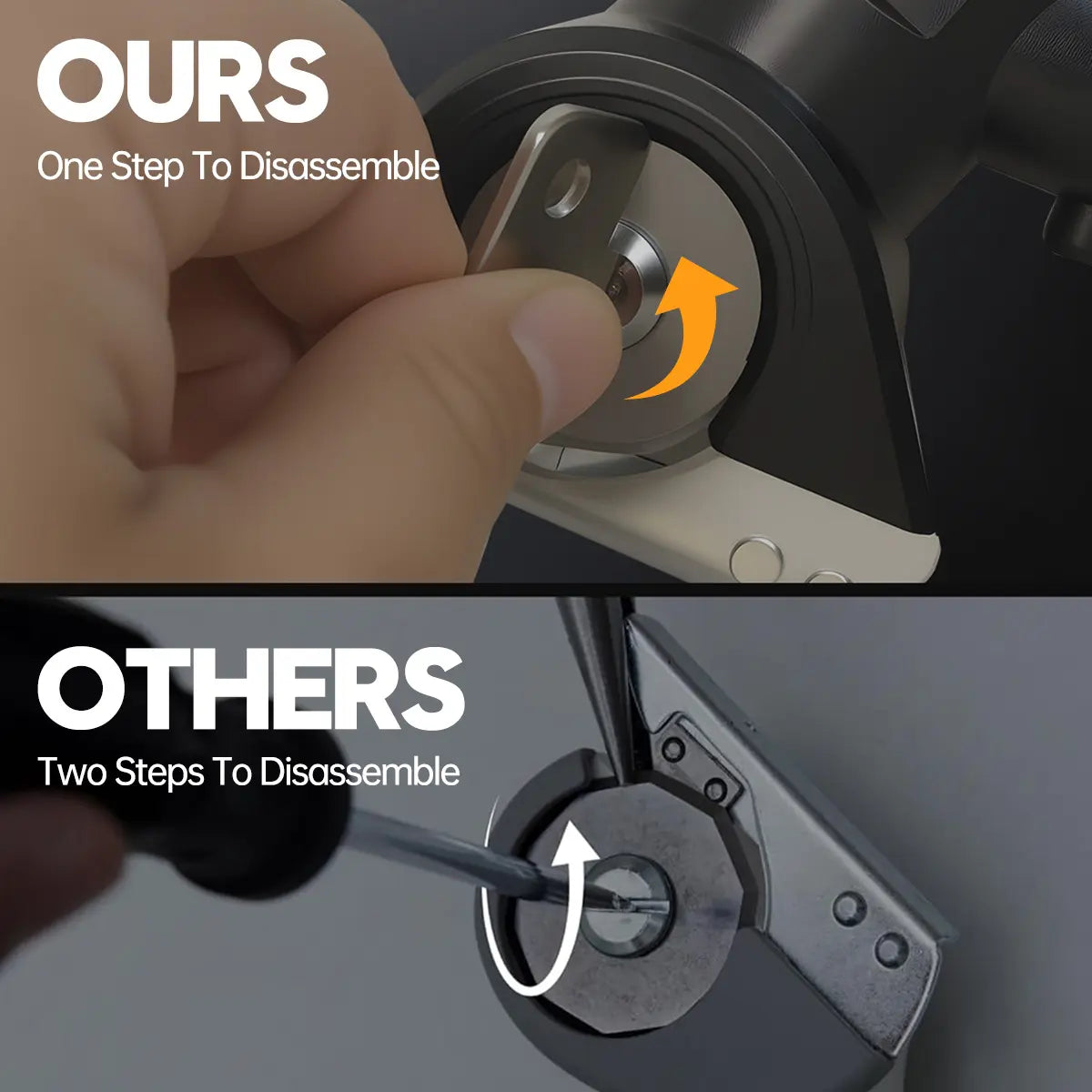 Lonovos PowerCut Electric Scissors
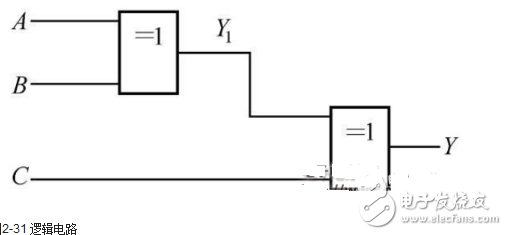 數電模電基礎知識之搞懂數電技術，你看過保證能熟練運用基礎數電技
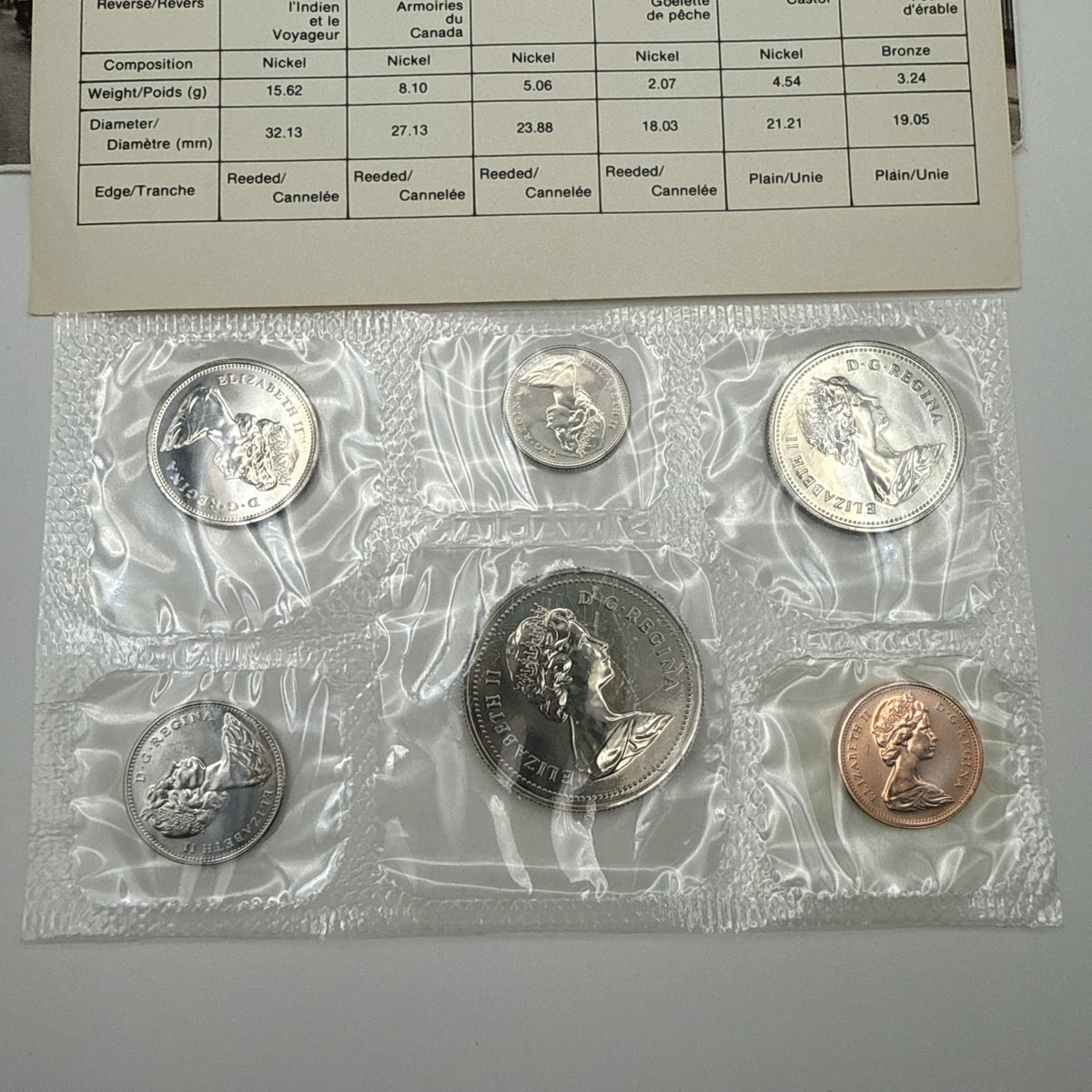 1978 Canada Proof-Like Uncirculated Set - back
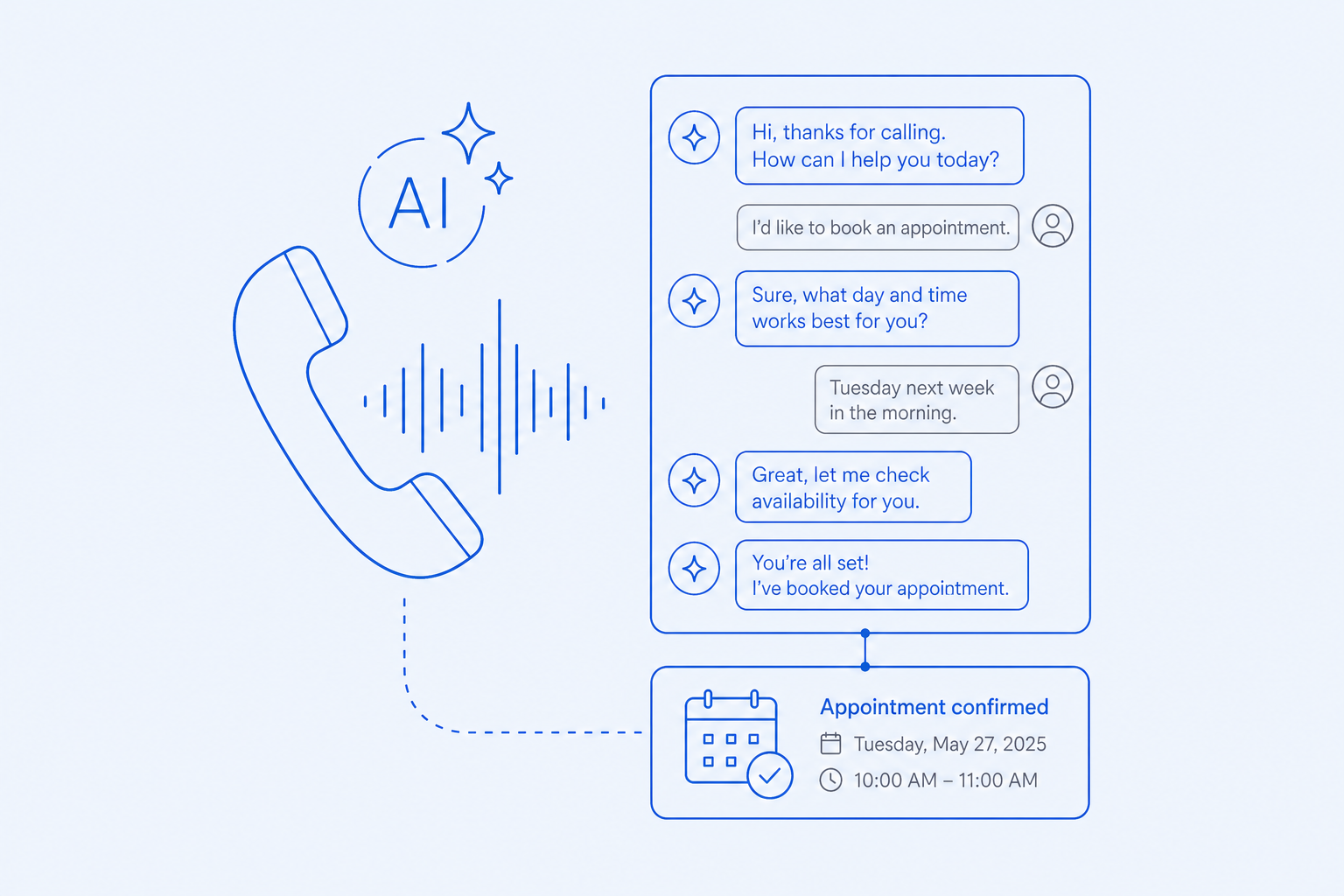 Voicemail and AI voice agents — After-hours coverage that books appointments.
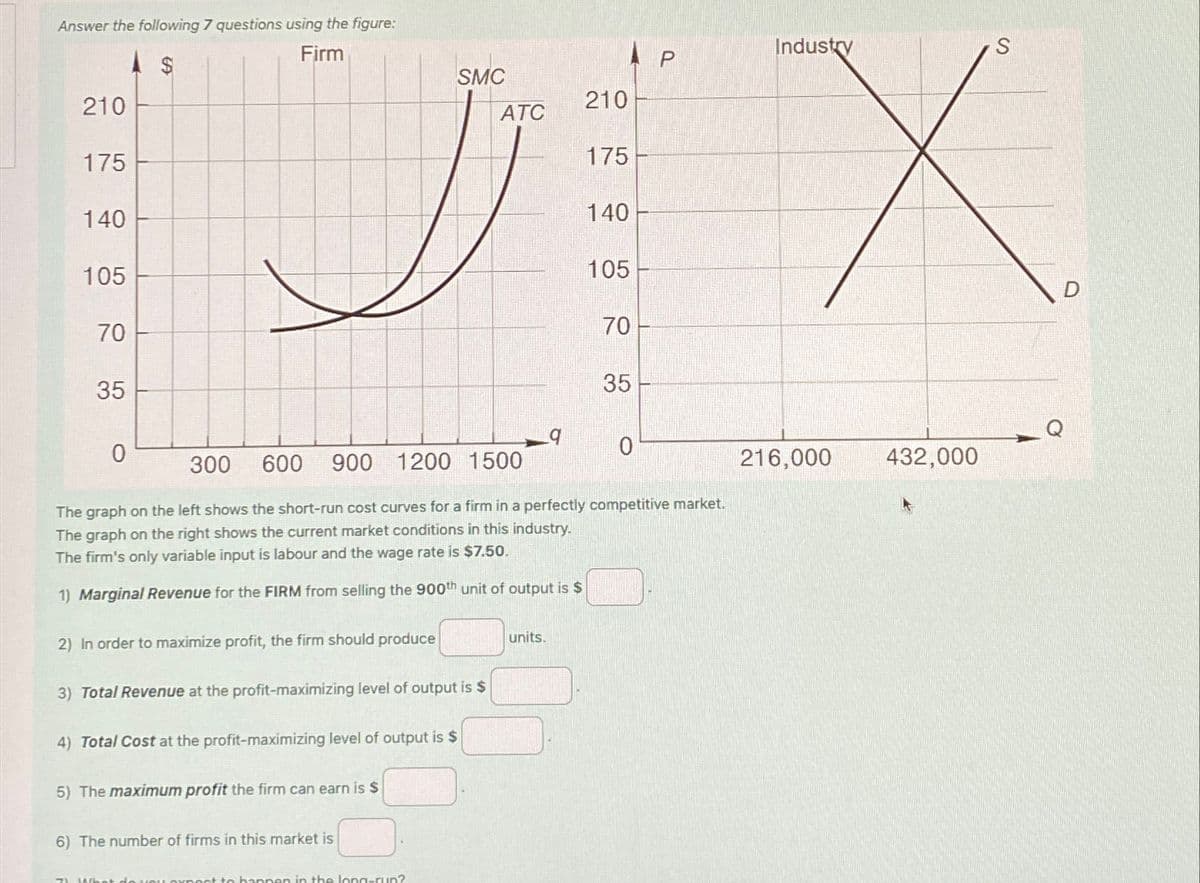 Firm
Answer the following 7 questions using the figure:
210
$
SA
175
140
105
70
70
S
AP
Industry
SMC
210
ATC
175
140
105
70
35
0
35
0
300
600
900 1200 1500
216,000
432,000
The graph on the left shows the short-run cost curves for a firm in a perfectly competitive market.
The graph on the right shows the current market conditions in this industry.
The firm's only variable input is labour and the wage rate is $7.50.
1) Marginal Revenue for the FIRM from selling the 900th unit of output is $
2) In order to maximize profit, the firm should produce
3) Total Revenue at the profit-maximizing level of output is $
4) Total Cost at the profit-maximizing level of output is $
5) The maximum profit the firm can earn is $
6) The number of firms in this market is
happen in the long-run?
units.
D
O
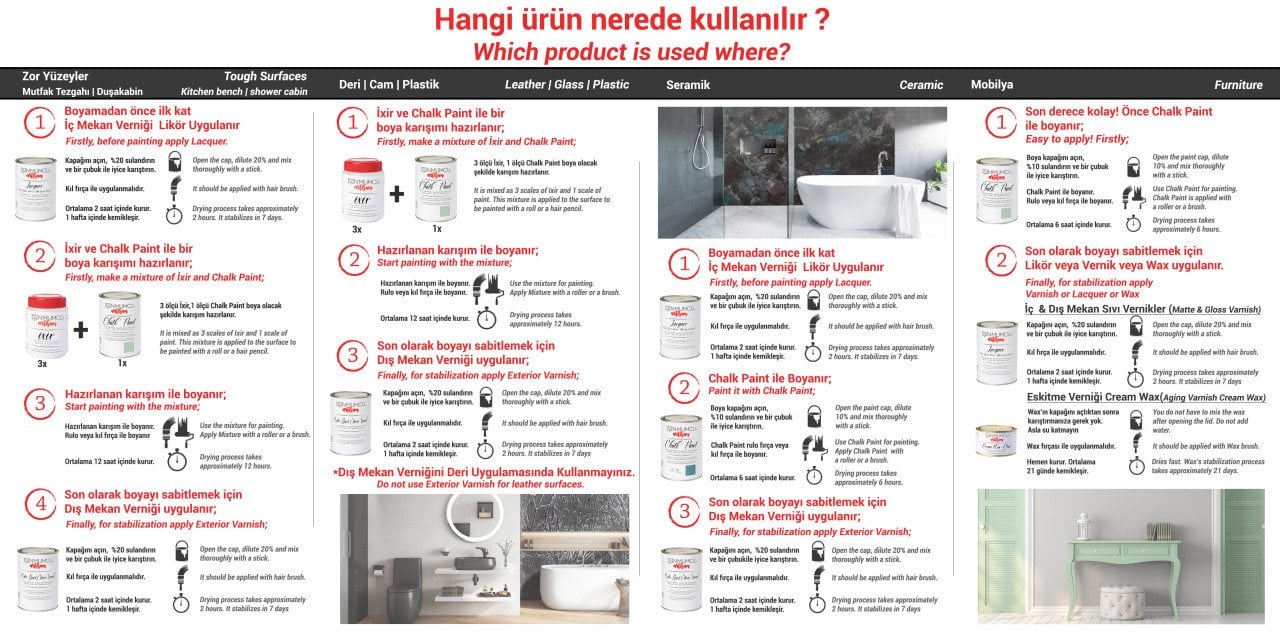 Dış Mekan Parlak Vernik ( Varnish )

WORK REQUEST -
How many lines in the entries above include the string "maximizing"? Please answer with that number and nothing more.

SOLUTION TO THIS TASK -
2